ARM-based NVIDIA Grace server chip with 500 GB/s UMA claims lower power and higher performance than competing Intel & AMD designs

leman · Mar 19, 2024

dada_dave said:
Indeed, beyond introducing FP4, I don't think there's been much of a substantial change in microarchitecture from Hopper that I can see, but I may be wrong.

My impression is that it just got bigger.

dada_dave · Mar 19, 2024

leman said:
My impression is that it just got bigger.

Mine too.

Jimmyjames · Mar 19, 2024

This may have been mentioned, but Blackwell is 4nm. The same as the current gen. It’ll be interesting to see if or how this affects performance.

dada_dave · Mar 19, 2024

Jimmyjames said:
This may have been mentioned, but Blackwell is 4nm. The same as the current gen. It’ll be interesting to see if or how this affects performance.

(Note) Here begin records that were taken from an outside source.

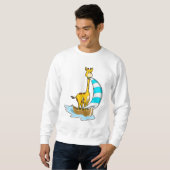 Giraffe met zeilboot trui (Voorkant volledig)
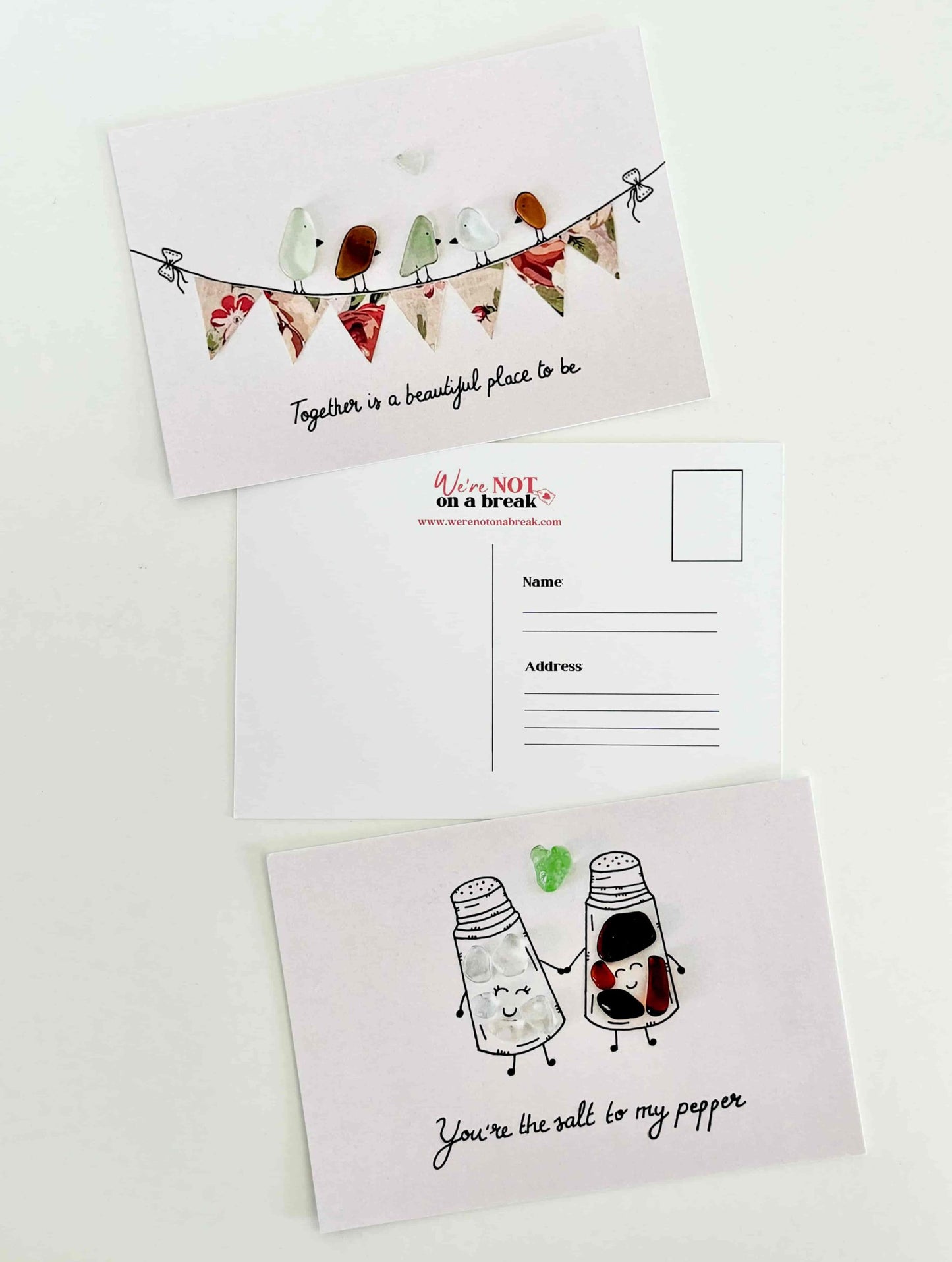 Handmade Christmas Cards (Pack of 4) - Set 1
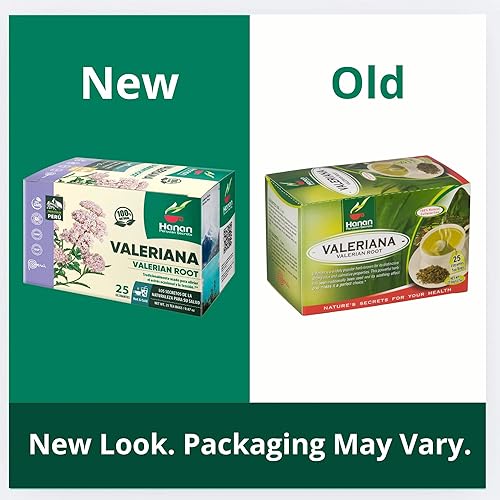 Miniatura 7 de Hanan Valeriana Root Tea Valeriana  25 bolsas de té de hierbas de raíz de valeriana del Perú  Suplemento calmante de la naturaleza para la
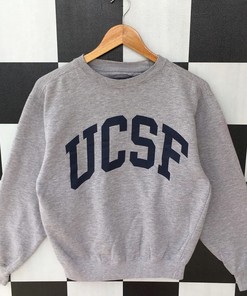 Vintage 90s University Of California San Francisco Sweatshirt, Ucsf Pullover Shirt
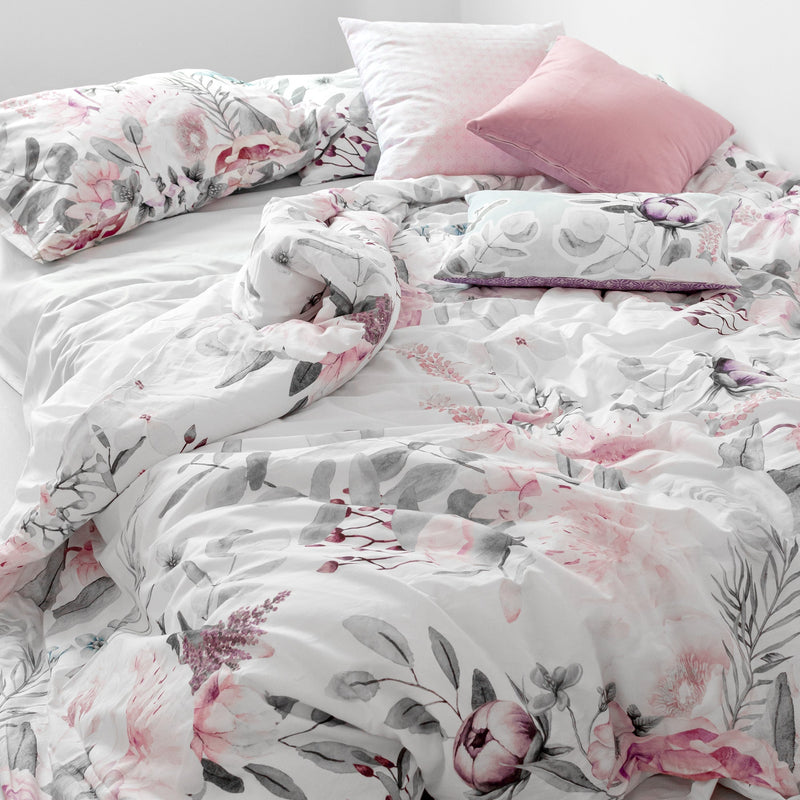 Housse De Couette Delicate Bouquet - Multicolore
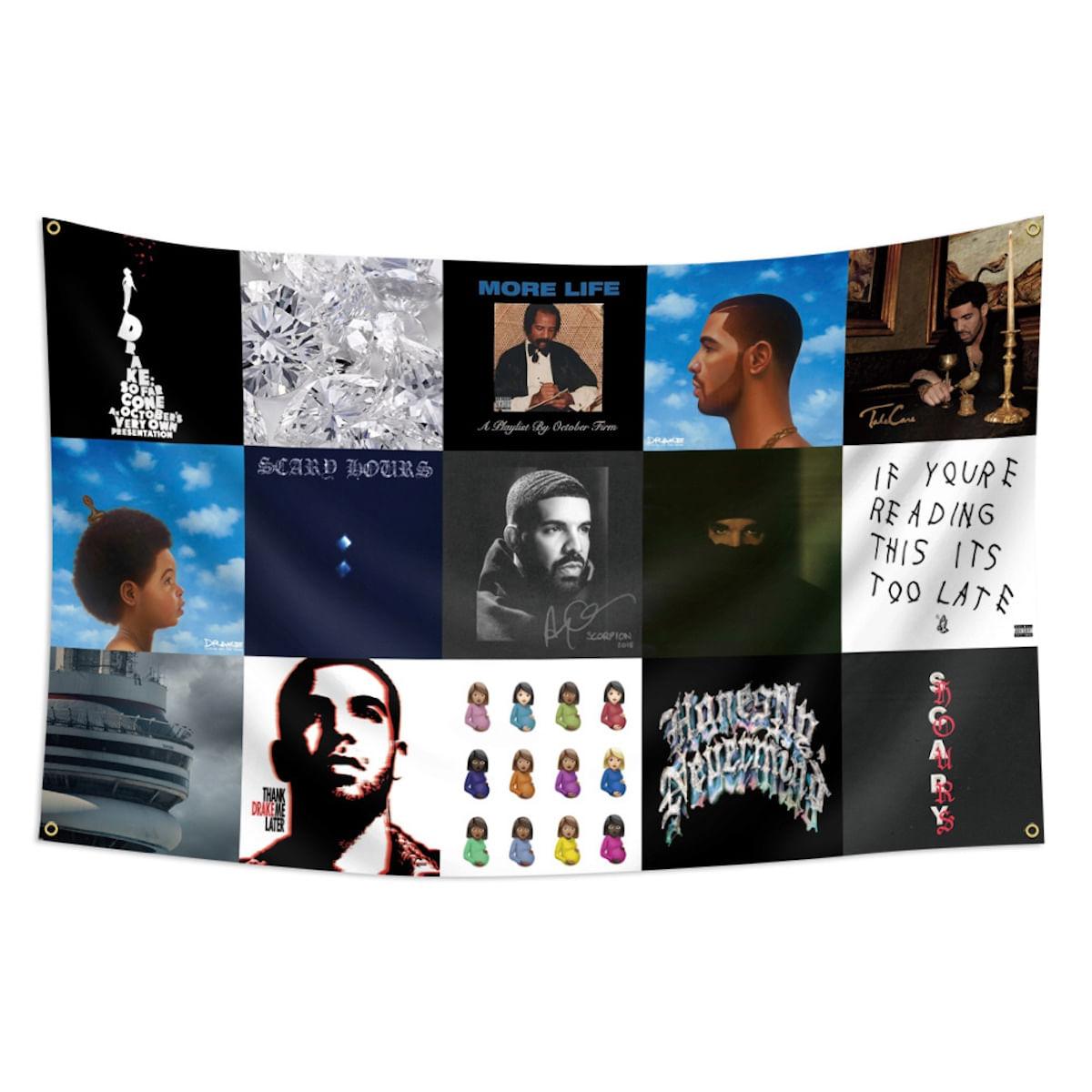 Tapeçaria Drakes Flag Art Anime Wall Tapestry 90x150cm Poliéster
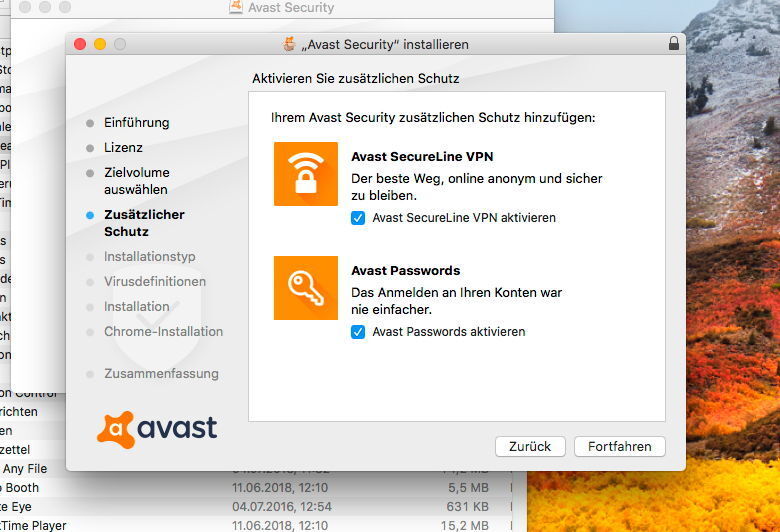 Avast Security verfügt noch über ein VPN und eine Kennwortverwaltung. Diese Funktionen können bei der Installation aber abgewählt werden. (Joos)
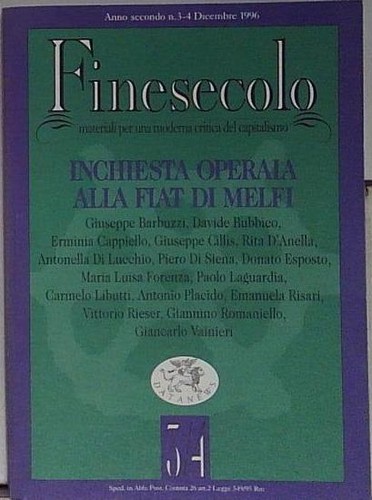 Inchiesta operaia alla - alla, fiat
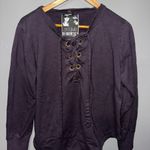 Young Fabulous and Broke  Women's Top Dark Purple Noelle Lace Up Size M EUC Photo 1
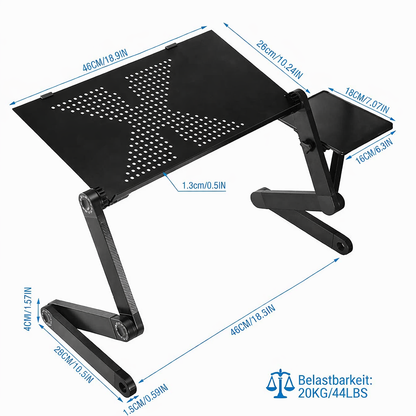 Soporte ajustable para portátil | Giratorio 360° | Promueve una postura saludable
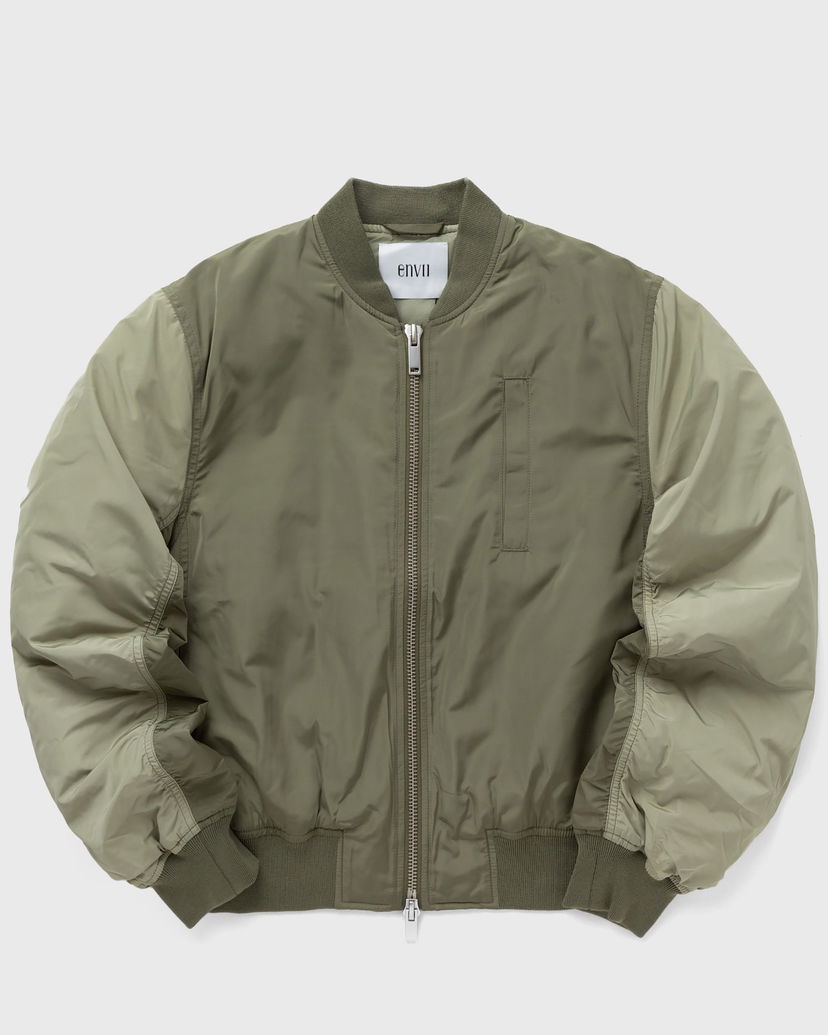 Яке бомбър envii ENPOWER JACKET Зелено | E23400014-DEEP-LICHEN-GREEN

Yeah I strongly suspect nothing much has changed partially as a result of this. My suspicion is that Apple sucked too much of TSMC 3nm until the end of the year and that was too long for Nvidia to wait, especially since Blackwell is near the reticle limit of just over 800nm^2 and can have two such dies. It's basically if the Ultra were a single die and the Extreme was two Ultras glued together. Given that despite the expense of producing such a monster and the margins Nvidia has tacked on on top, Nvidia has sold basically every H-series chip before its even made, Nvidia most likely needs a lot of capacity.

theorist9 · Mar 20, 2024

Speaking of UMA, I found out something interesting about UMA in Intel chips with integrated graphics, during an exchange with Howard Oakley of eclecticlight.co. As many of you know, those also offer UMA (and AMD's do as well). Intel confirms that here:

"With Intel processor graphics, using zero copy always results in better performance relative to the alternative of creating a copy on the host or the device. Unlike other architectures with non-uniform memory architectures, memory shared between the CPU and GPU can be efficiently accessed by both devices....Notice a single pool of memory is shared by the CPU and GPU, unlike discrete GPU’s that have their own dedicated memory that must be managed by the driver."
https://www.intel.com/content/dam/d.../documents/opencl-zero-copy-in-opencl-1-2.pdf

What's interesting—and this is what Howard pointed out—is that this UMA was not implemented in Intel Macs—at least when they were running MacOS (not sure how things operated in Bootcamp/Windows):

“Device memory models vary by operating system. iOS and tvOS devices support a unified memory model in which the CPU and the GPU share system memory. macOS devices support a discrete memory model with CPU-accessible system memory and GPU-accessible video memory.....IMPORTANT Some macOS devices feature integrated GPUs. In these devices, the driver optimizes the underlying architecture to support a discrete memory model. macOS Metal apps should always target a discrete memory model.”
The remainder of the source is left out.